American Jews are more likely than non-Jews to benefit from a larger government. Jews are over-represented in medicine by 7X (source, a bit misleading since I don’t think this is adjusted for the fact that median age among Jews is older than the U.S. median and an older person is more likely to have completed medical school). For anyone working in health care, the river of government cash that started flowing in the 1960s (Medicare and Medicaid) has been wonderful. Jews have more years of education than the average American (Pew) and therefore are more likely to get jobs at universities, which have been supported by federal student loan subsidies (and soon, loan forgiveness in Queen Elizabeth Warren’s jubilee year!), tuition grants, and research grants. Jews living in larger cities (that may be 97 percent of us) have benefited from the fact that a big government builds most of its lavish facilities in big cities. I don’t want to take the risk of being lumped in with the Jew-haters by implying that there are Jews who work in finance, but if there are indeed any Jews in this sector of the economy they’ve been advantaged by government policies favoring Wall Street. Jews tend to hold the credentials that qualify them for unionized government work, e.g., school teacher, social worker, etc. So they benefit when government payrolls are fattened and expanded.

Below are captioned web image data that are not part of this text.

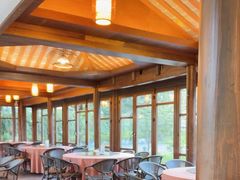 -美食村花园餐厅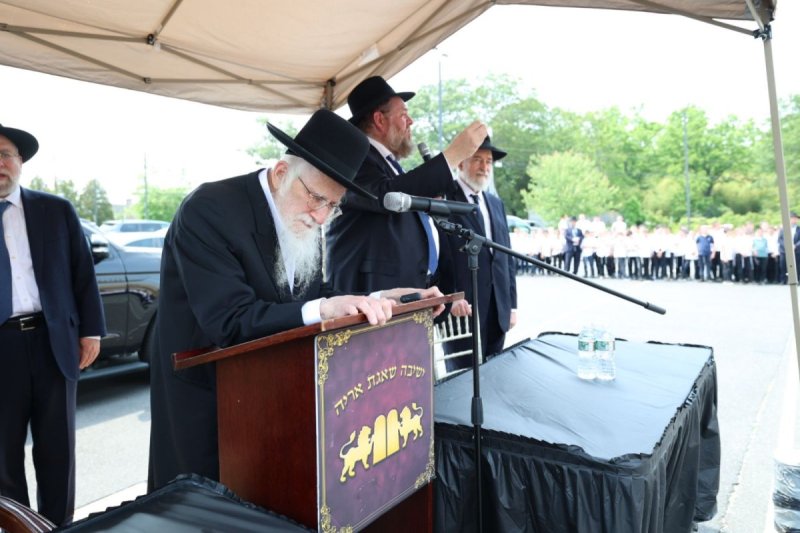 שמוליק קורלנסקי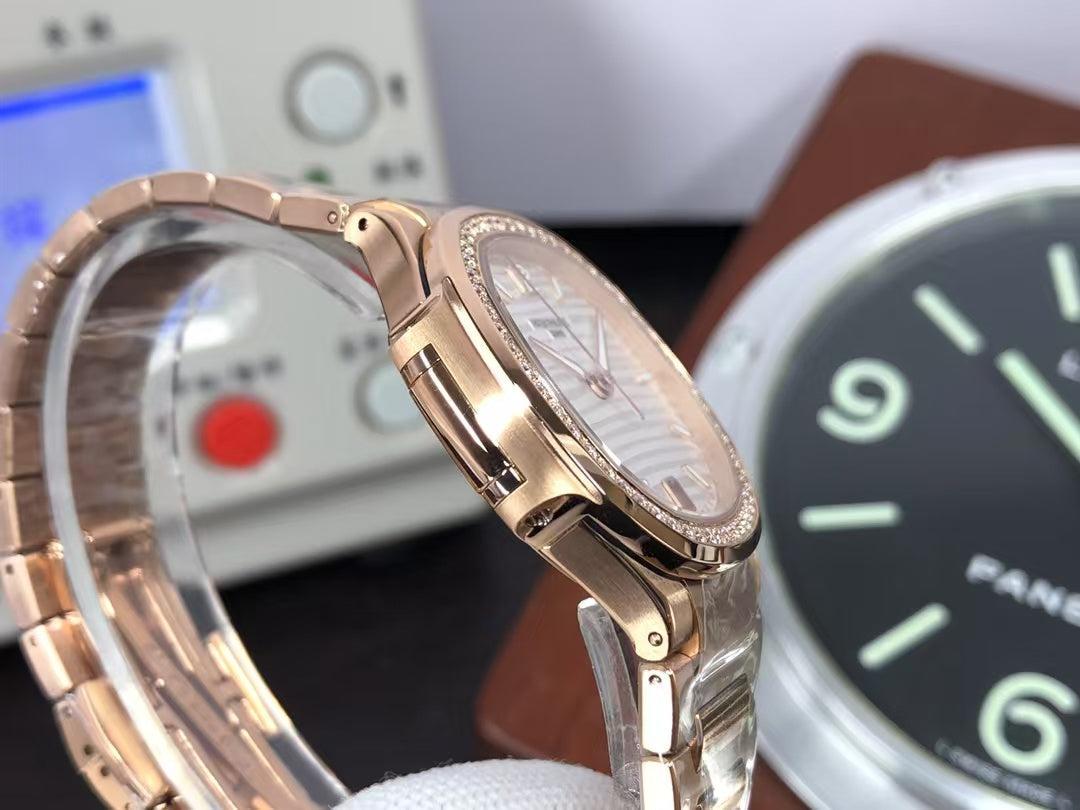 pp Nautilus Ladies 7118 Rose Gold Case White Dial Diamond Bezel with 324 Movement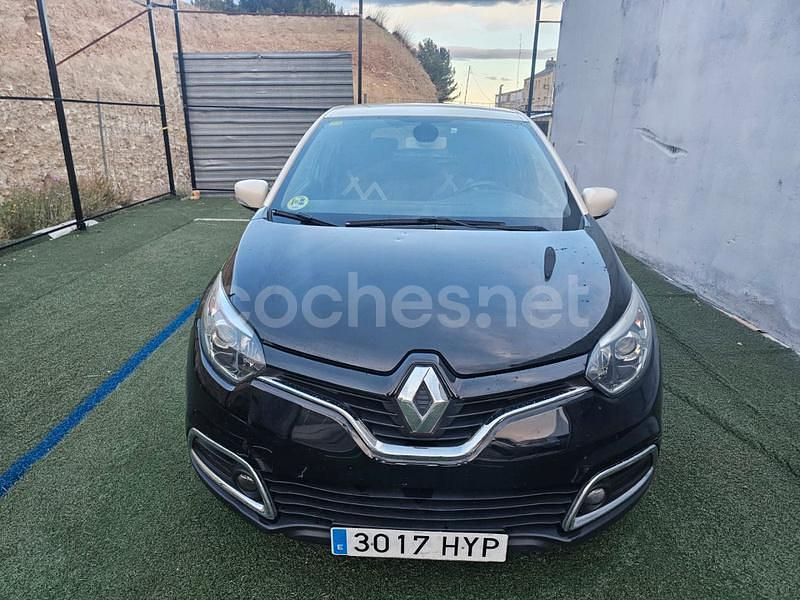 Używany Renault Captur Zen 90 KM (66 kW) 2013 Czarny SUV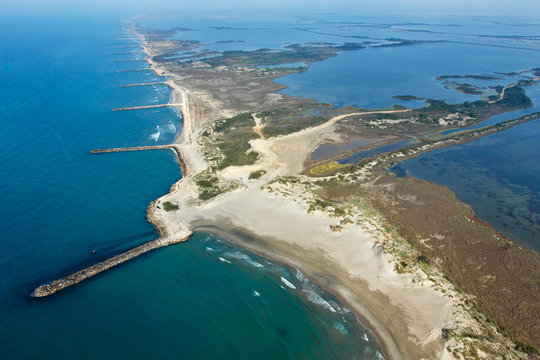 Photo a&eacute;rienne des digues et &eacute;tangs de Camargue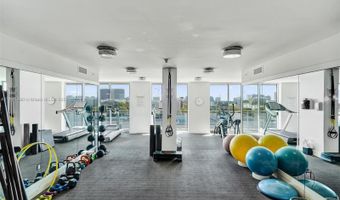 9400 W Bay Harbor Dr 103, Bay Harbor Islands, FL 33154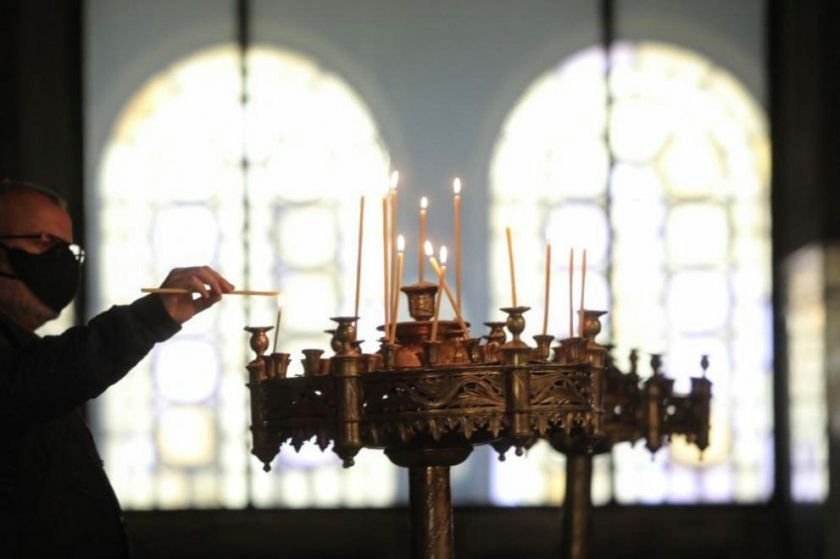 Жена задигна пари от храм в Русе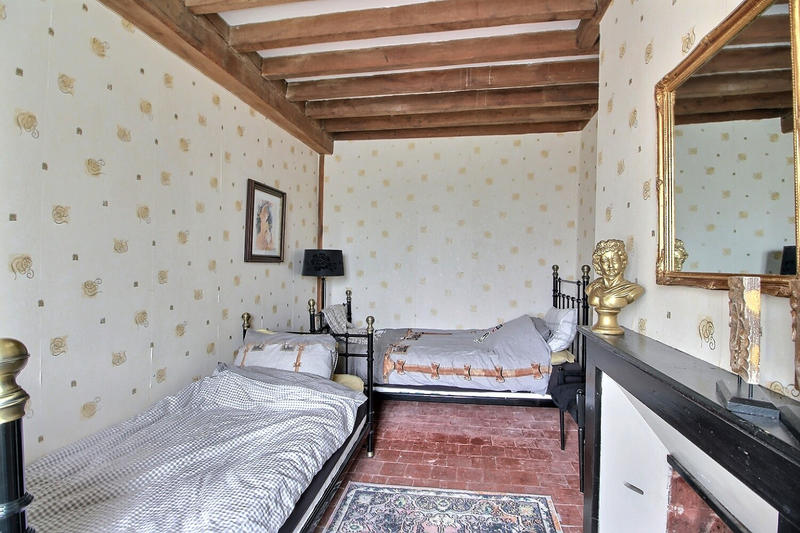 Demeure - 184 m² - 7 pièces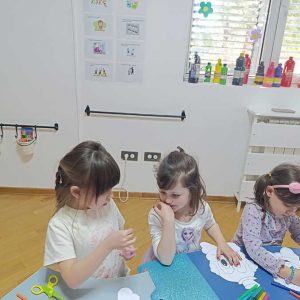 VEČE MALIH KLOVNOVA HK9 (26)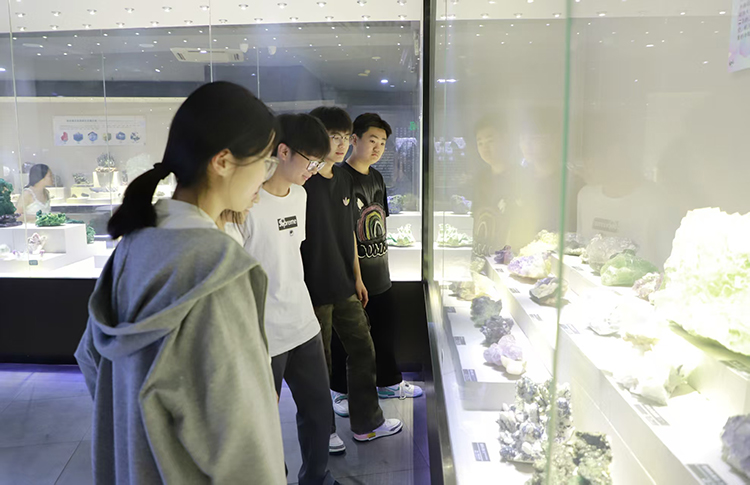 1781575603150309.jpg 图四:探秘形态别致、色泽美丽的矿物结晶.jpg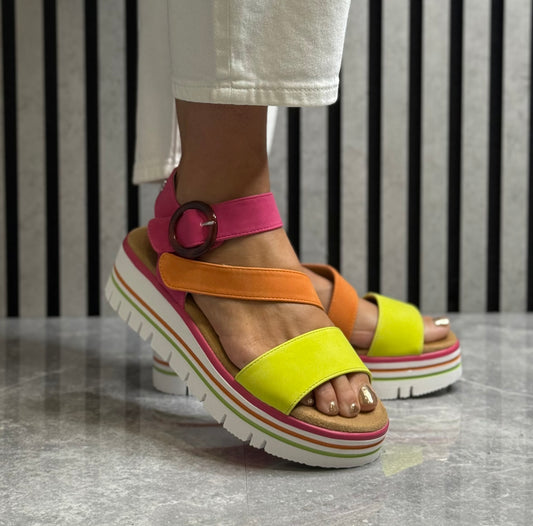 Lunar - 'Issy' Fuchsia Combo Sandal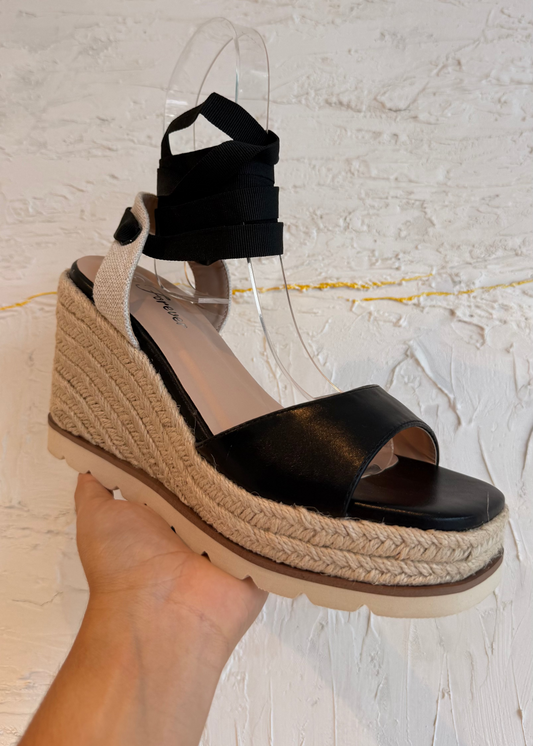 ALPARGATA DE PLATAFORMA NEGRA CON LISTONES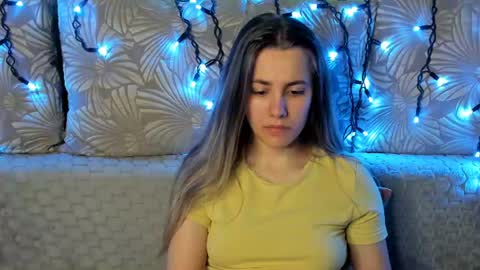 Snapshot of maggiecake chatting on 06-14-26, 02:24 Maggie online show from 06-14-26, 02:24
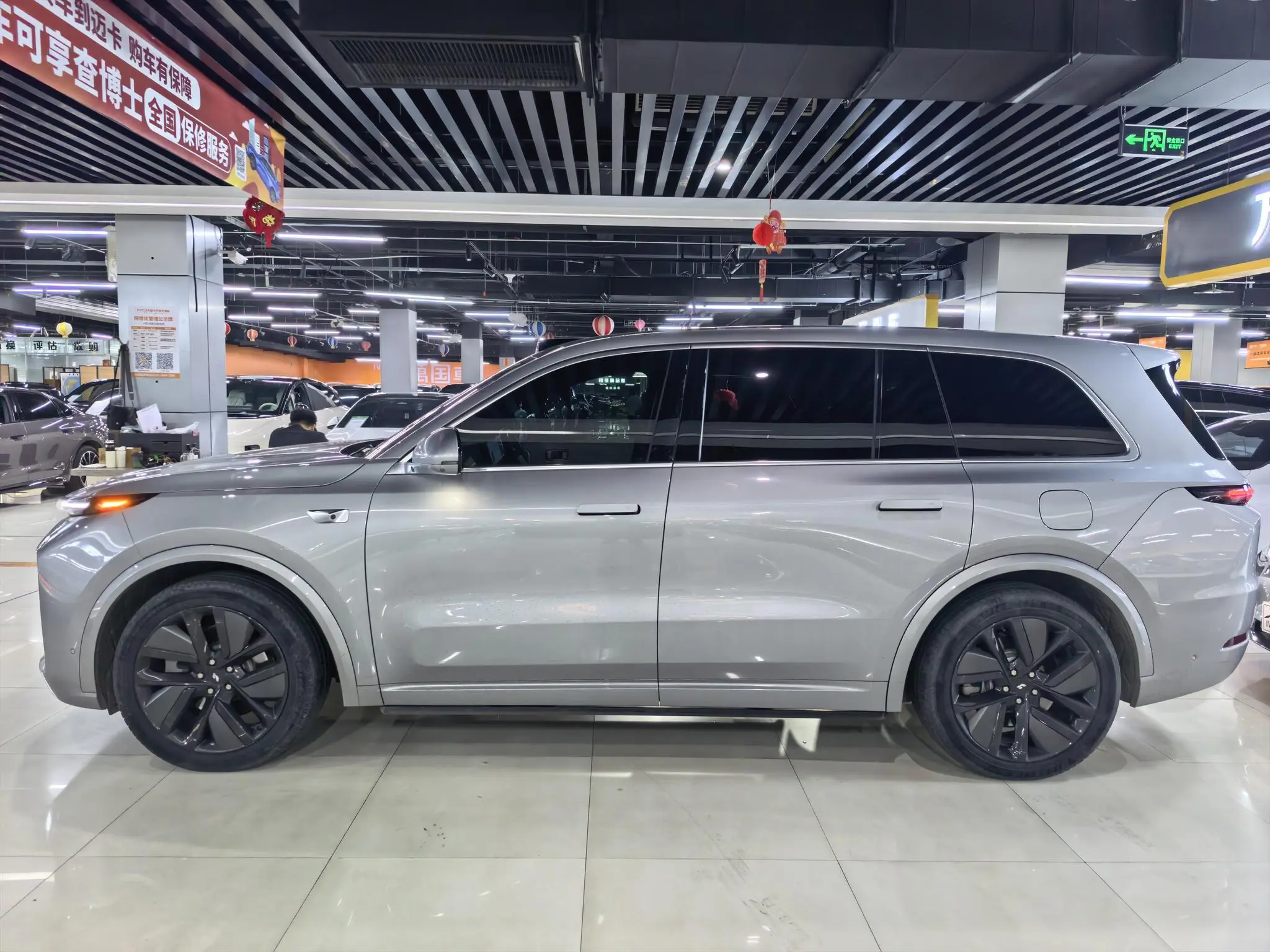 Li Auto Ideal L9 Max version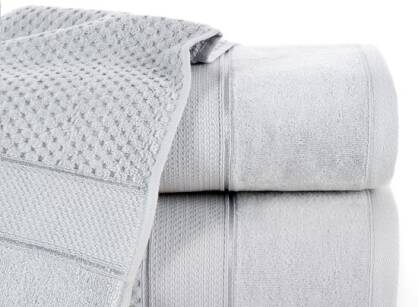Ręcznik bawełniany 30x50 JESSI srebrny z fakturą krateczki i gładką welurową bordiurą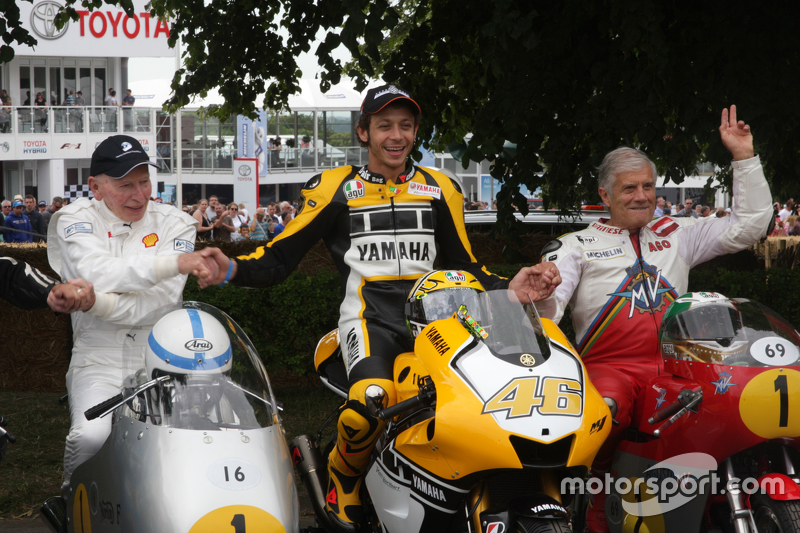 John Surtees, Valentino Rossi ve Giacomo Agostini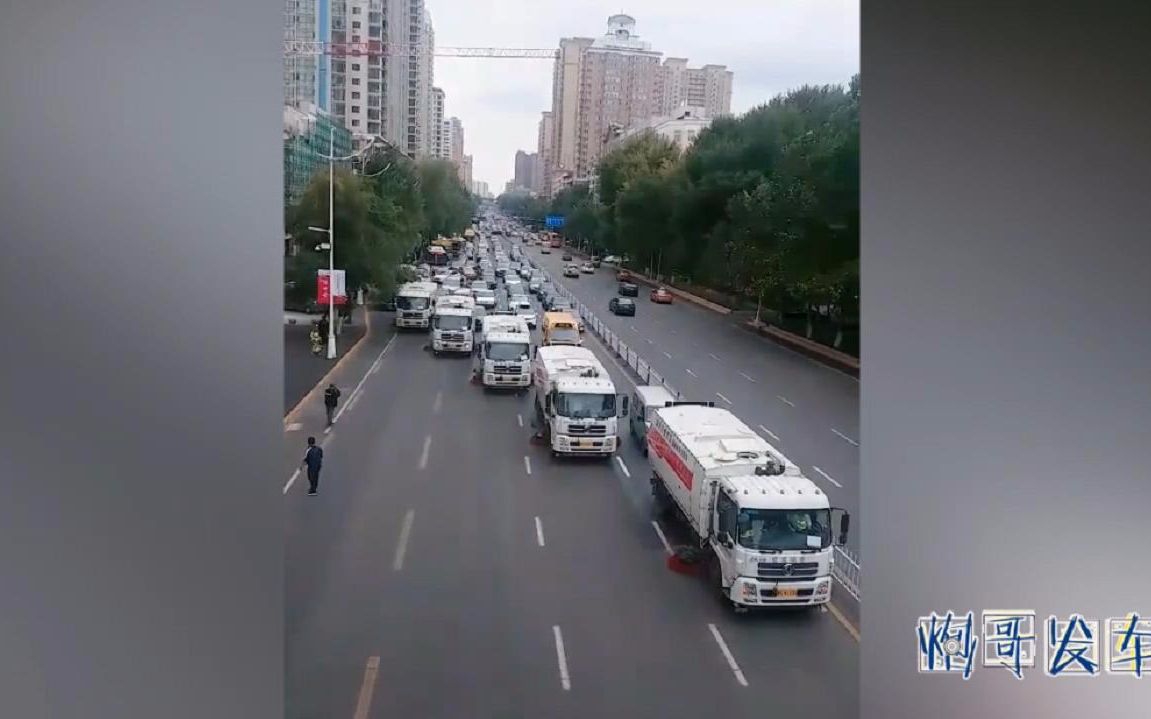 [图]还想着超车？路霸车队了解一下！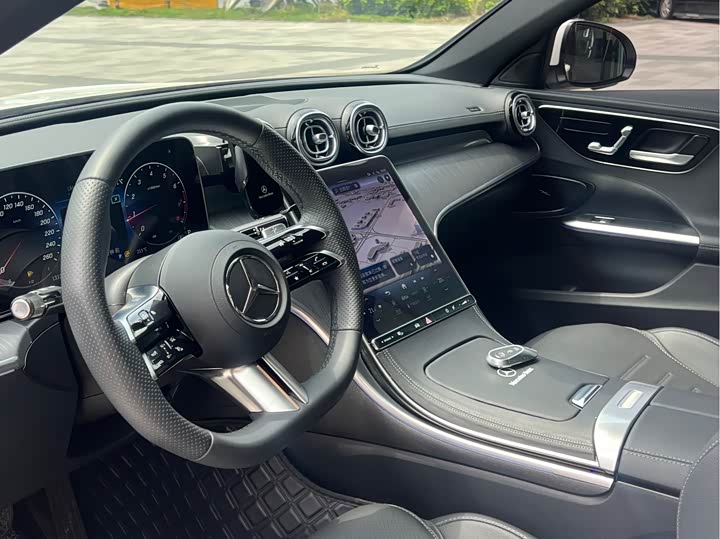 Mercedes-Benz C-Class 2023 C 260 L — фото 19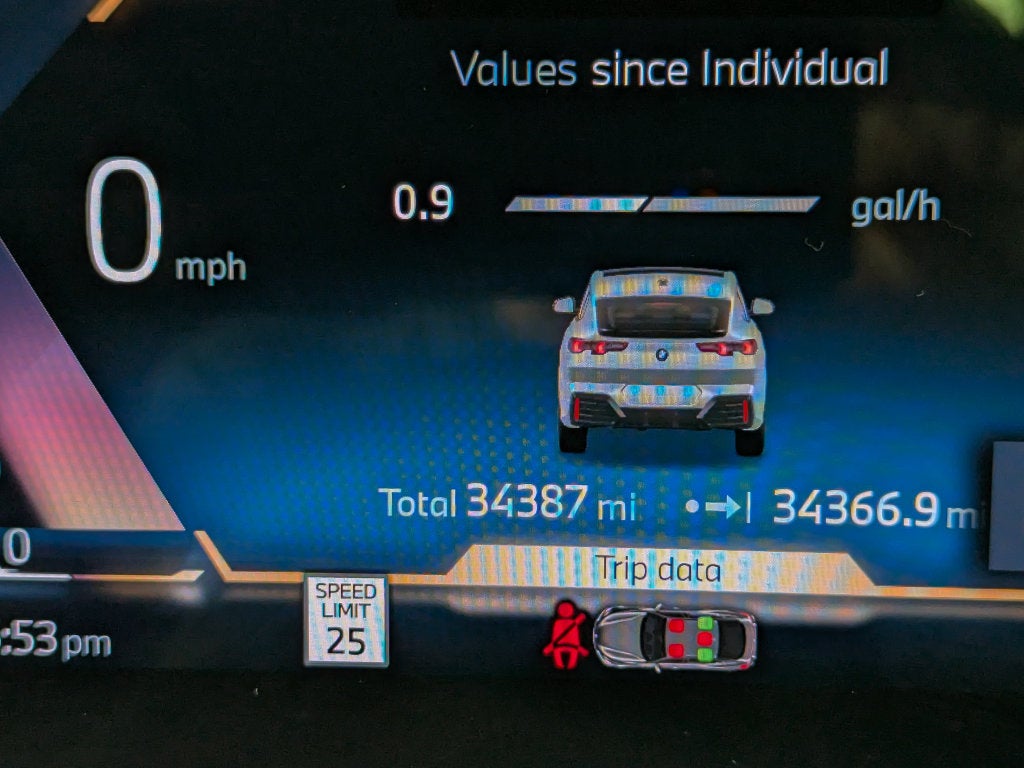 2025 BMW X2 xDrive28i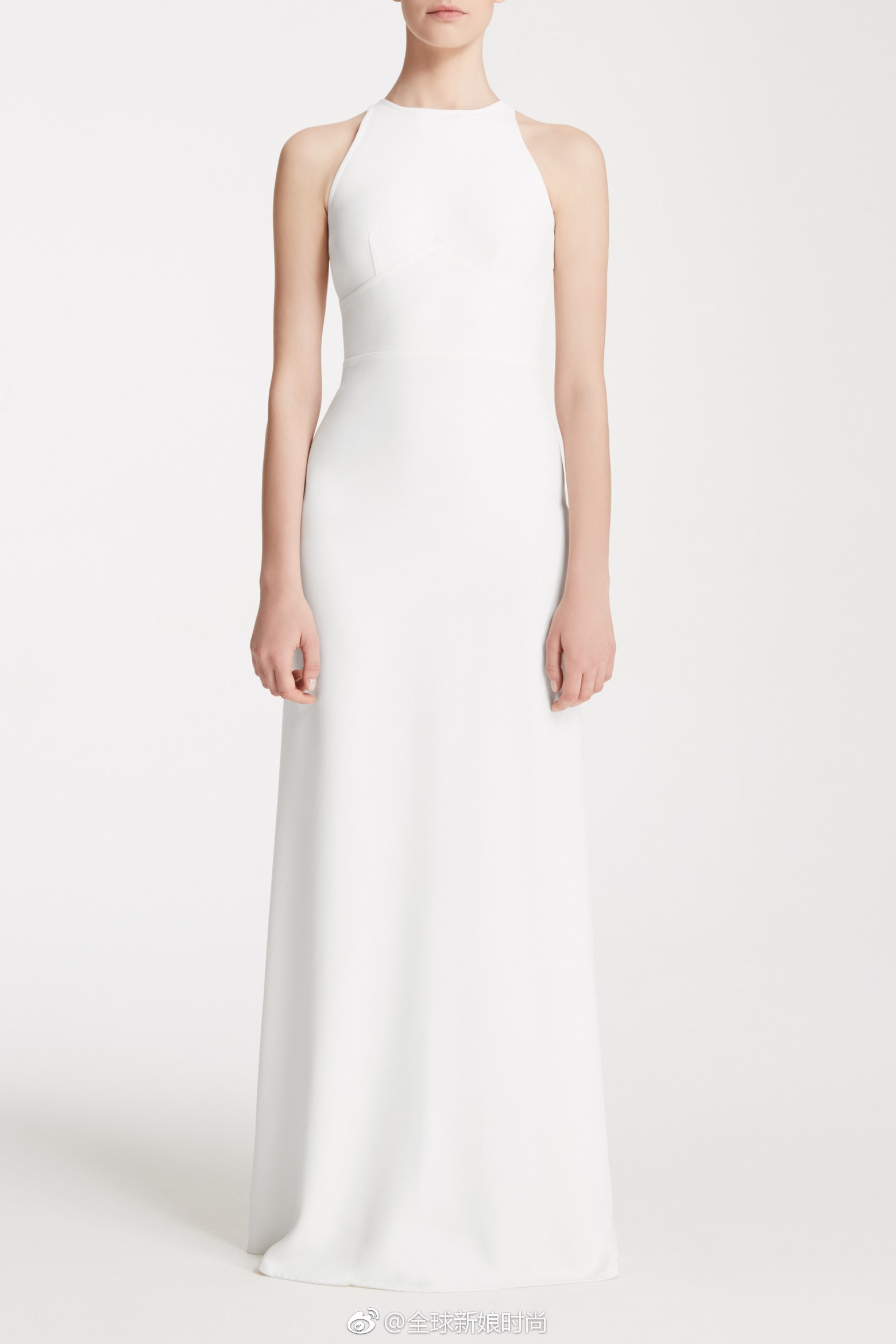 适合各种婚礼风格的迷人白色伴娘礼服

Jewish Democrats will tell you that they’re voting for a bigger government not in order to line their own pockets, but because of their commitment to social justice, which they say may be inspired by their Jewish faith and identity. But what stops a white man who can’t access these rivers of government cash from resenting these Jews and disbelieving their claims of altruism? (When queried, my coastal-dwelling Jewish friends simply dismiss the possibility that there is anyone who could have voted against the Democrats for reasons of rational self-interest; in their view, Trump voters, for example, are stupid and short-sighted, and fail to realize that they are stupidly voting against their own self-interest, e.g., because Planet Earth will be destroyed by climate change without the Democrats in charge of the federal government.)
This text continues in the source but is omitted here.